Replace a master node

ENTERPRISE

Replacing a master node in an existing DC/OS cluster

You can replace a master node in an existing DC/OS cluster. You should keep in mind, however, that you should only ever replace one master at a time. The following steps summarize how to replace a master node for a DC/OS cluster.

To replace a master node:

  1. Back up ZooKeeper.

  2. Back up the DC/OS identity and access management CockroachDB® database to a file by running a command similar to the following on the master node:

    1. dcos-shell iam-database-backup > ~/iam-backup.sql

    For more information about backing up the DC/OS identity and access management CockroachDB database, see How do I backup the IAM database?

  3. Back up /var/lib/dcos/exhibitor-tls-artifacts if it exists.

    1. tar czf exhibitor-tls-artifacts.tar.gz /var/lib/dcos/exhibitor-tls-artifacts
  4. Shut down the master node you want to replace.

  5. Add the new master node to replace the one taken offline in the previous step.

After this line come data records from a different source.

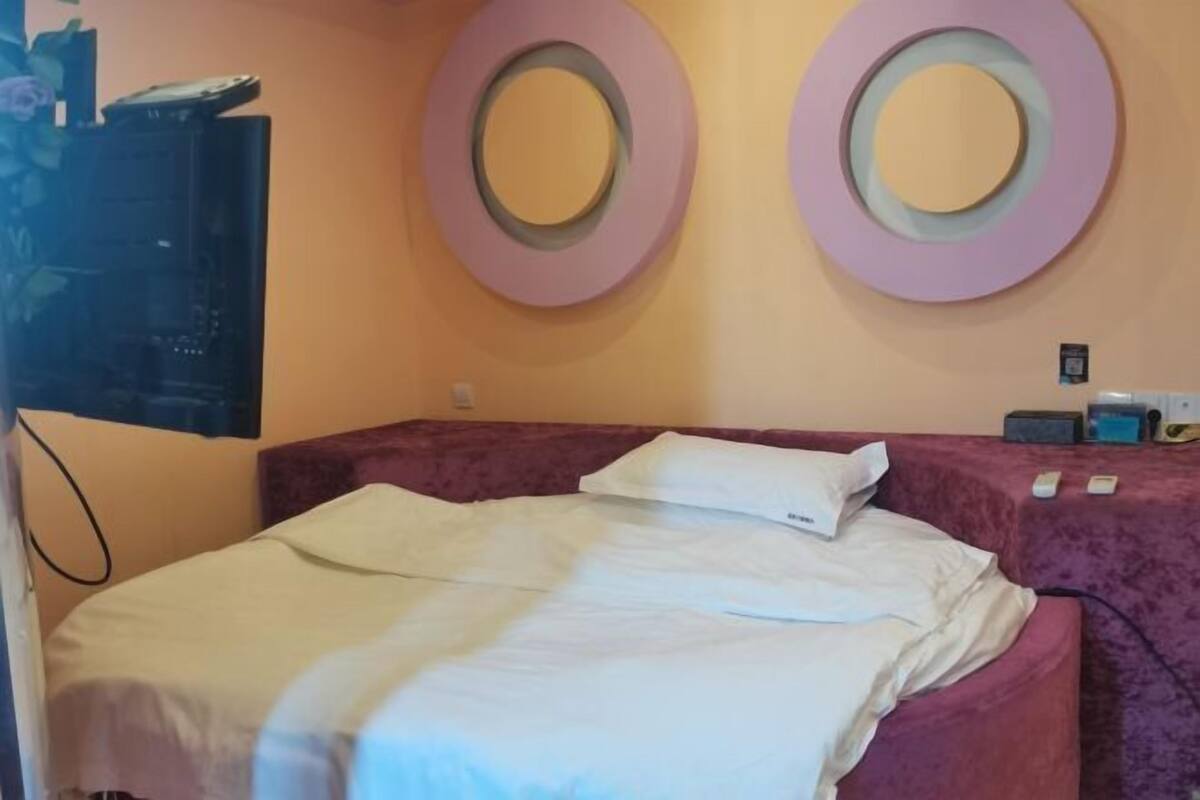 A hotel room with a bed, two circular wall decorations, a flat-screen TV, and a bedside table with a lamp.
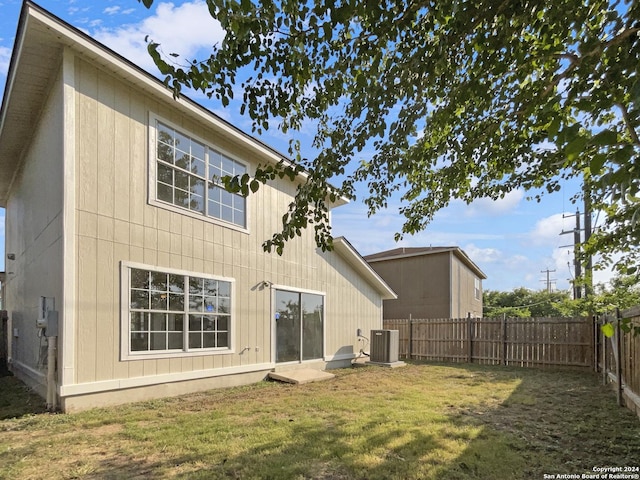 rear view of house with central air condition unit and a lawn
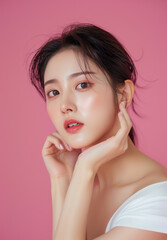 Radiant Korean Model with Natural Beauty and Soft Makeup on a Pink Background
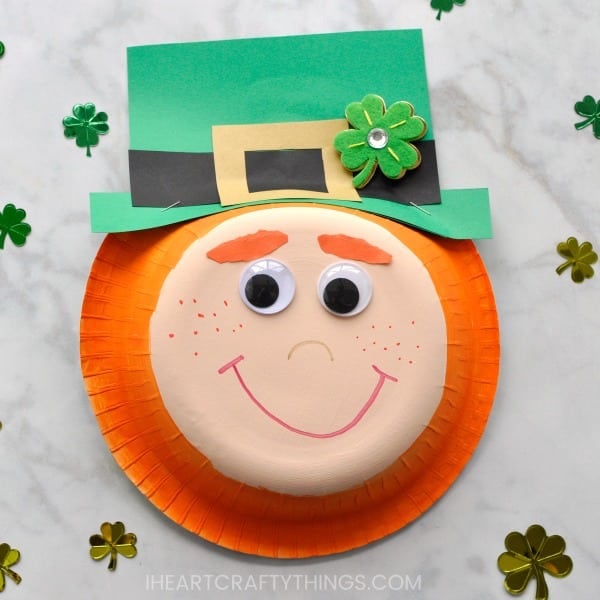 leprechaun face made from paper plate and paper with tiny shamrock confetti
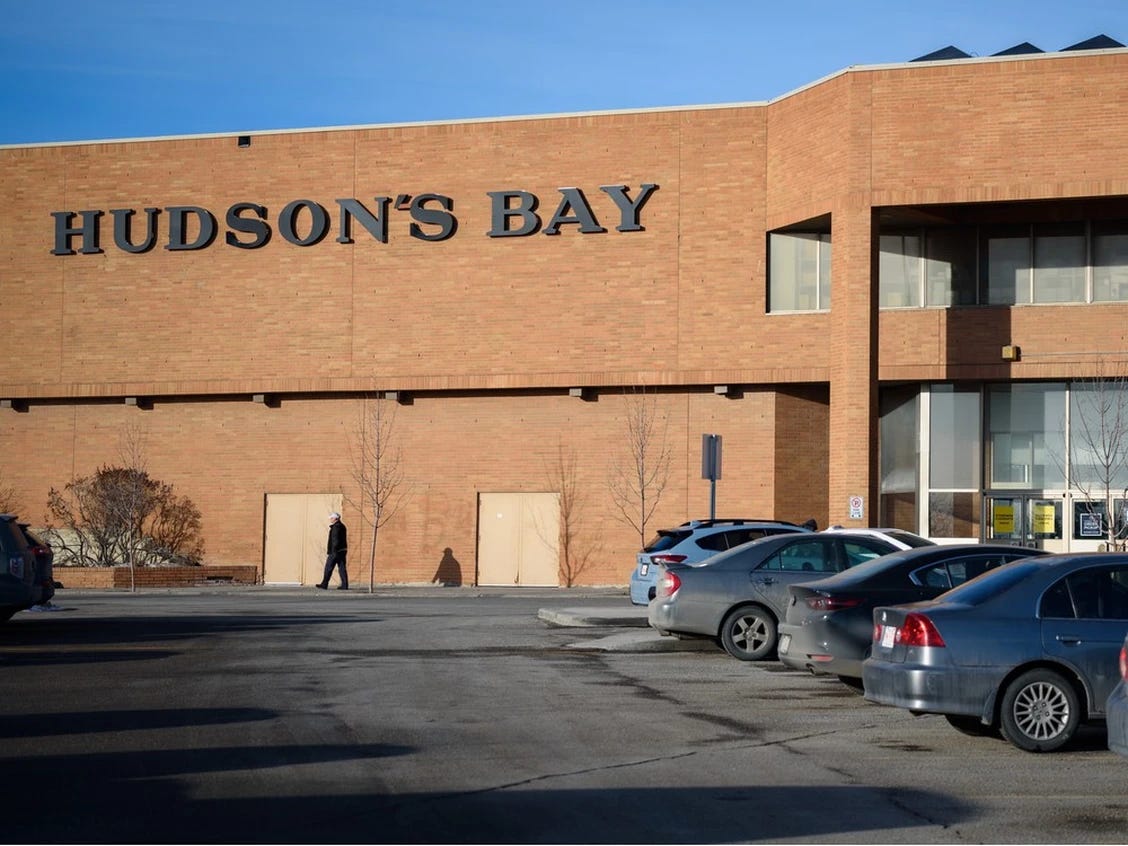 The Hudson's Bay store at Sunridge Mall, Calgary, on Wednesday, 18 January, 2023. A large brick building, largely windowless but with two delivery entrances, and the name Hudson's Bay above. In the foreground are parked cars. Azin Ghaffari/Postmedia file. 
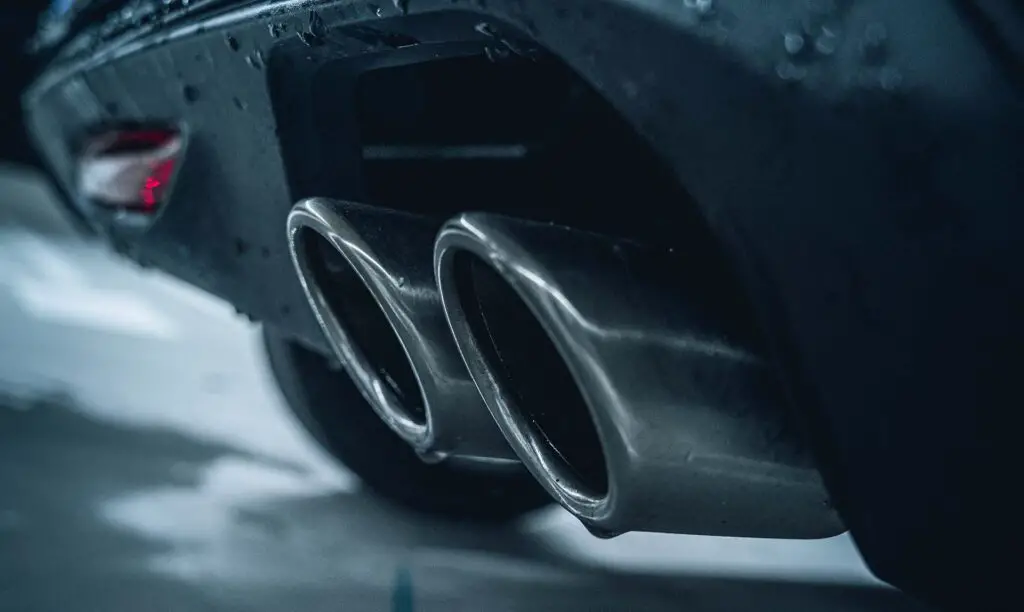 An exhaust pipe on a black car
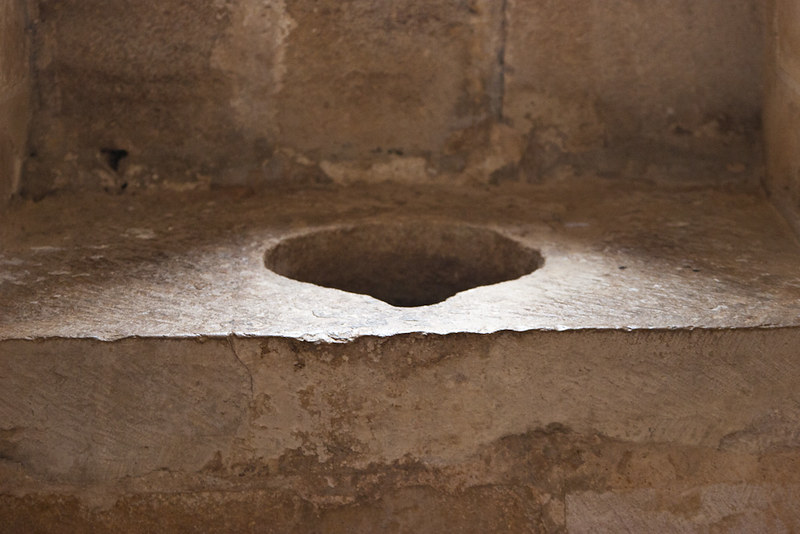 Flat stone with a circular hole cut in the center, like a privy. (Photo by Isabel via Flickr/Creative Commons https://flic.kr/p/denN7G)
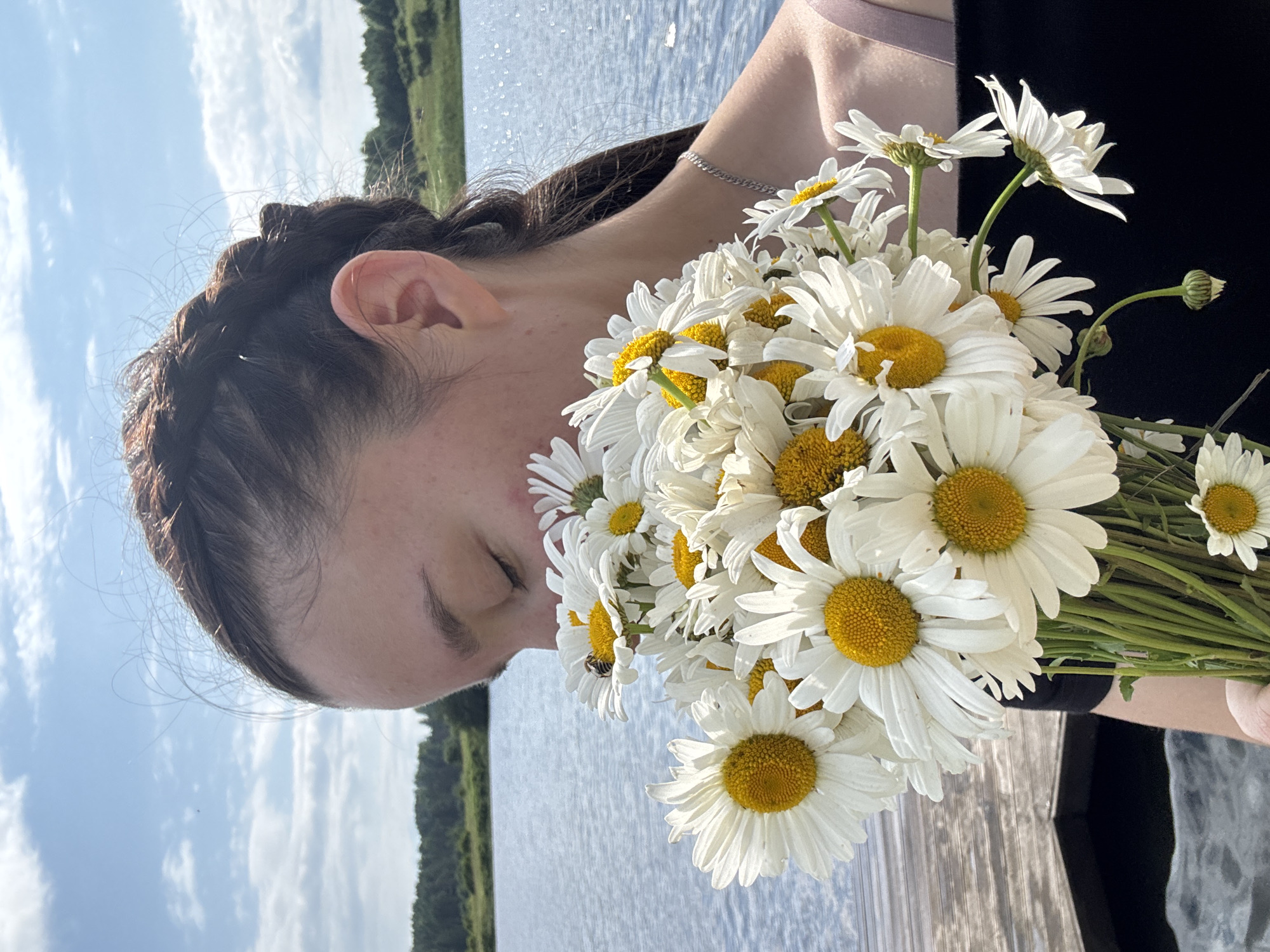 The image shows a close-up of a person's face and a bouquet of daisies, with a body of water and a tree-lined landscape in the background. The person is seen from the side, with their eyes closed and their face tilted downwards towards the flowers. A braid of dark hair is visible, as is a part of their ear and neck. The bouquet is large and full of white daisies with yellow centers. One of the daisies has a bee on it. The person is wearing a black top and a light-colored garment over it. A thin silver chain is visible around their neck.
The scene appears to be outdoors, likely near a body of water, suggested by the reflections and the blue color in the background. The sky is visible with clouds, indicating it is daytime. The overall mood seems peaceful and serene, with the person seemingly enjoying the scent or beauty of the flowers. The location is identified as Pozdyshki, Russia. There is no visible text in the image.
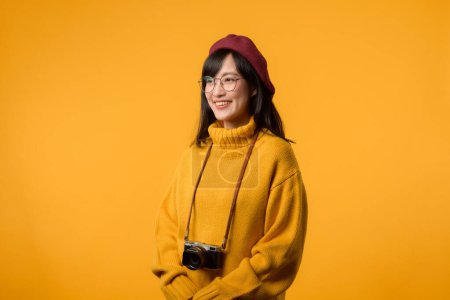 Con su cámara vintage en la mano, la joven asiática, vestida con un suéter amarillo y una boina roja, persigue su pasión por la fotografía sobre un vibrante fondo amarillo.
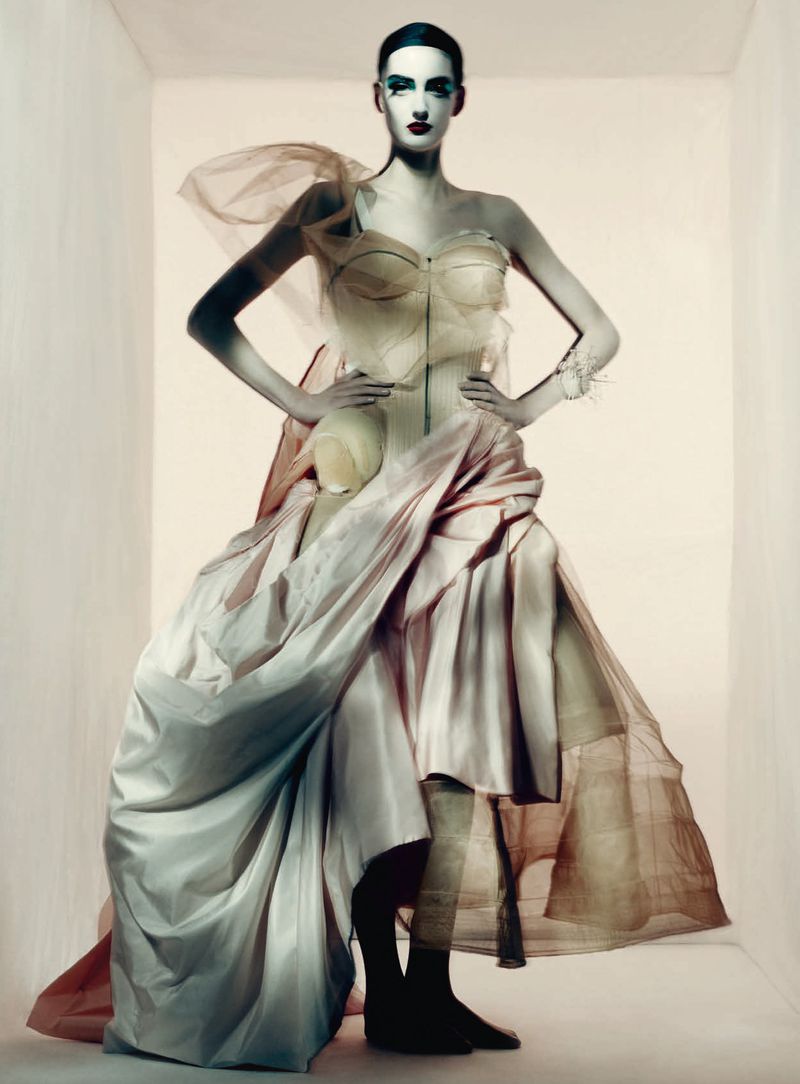Model wearing a structured sheer corset gown with voluminous draped skirts standing against a pale seamless studio background.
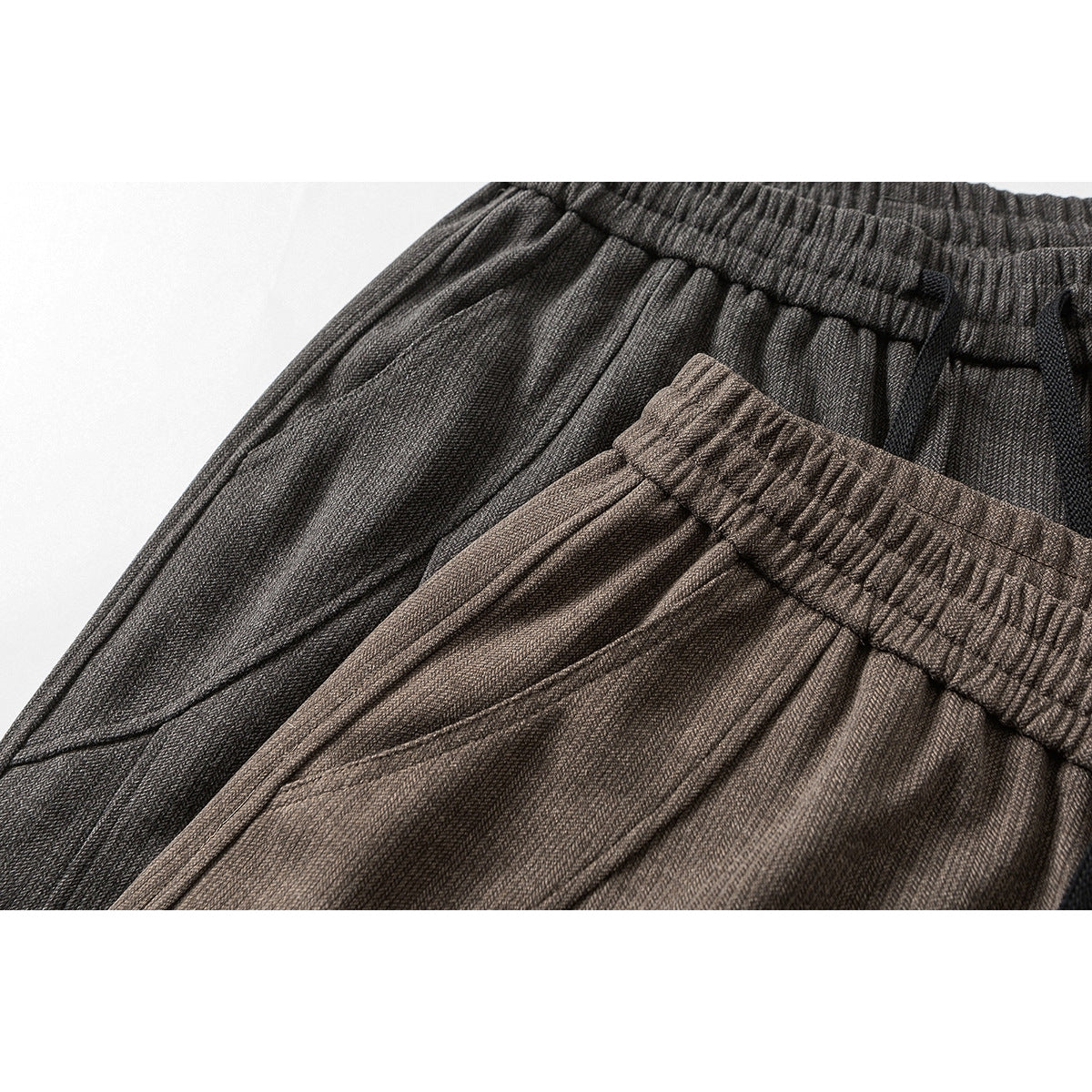 Close-up of brown and charcoal wide-leg trousers showing elastic waistbands, black drawstrings, and textured fabric.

    Static master discovery

    If you have configured static master discovery in your config.yaml file (master_discovery: static):

    • Verify that the new server has the same internal IP address as the old master node.
    • Verify that the old server is completely unreachable from the cluster.
    • Copy exhibitor-tls-artifacts.tar.gz to the new master node.

      1. scp exhibitor-tls-artifacts.tar.gz root@<new-master-host>:/root
    • Extract the archive on the master

      1. tar xzf /root/exhibitor-tls-artifacts.tar.gz -C /
    • Install the new master as you would normally.

    Dynamic master discovery

    If you have configured dynamic master discovery in your config.yaml file ( master_discovery: master_http_loadbalancer):

    • Install the new master as you would normally.
  6. Check that the new master is healthy.

    IMPORTANT: This step is required. Be sure to confirm that the new master has joined the cluster successfully before replacing any additional master nodes or performing any additional administrative tasks.

    To validate that the master node replacement completed successfully, follow the steps to Validate the upgrade as described in Upgrading a master.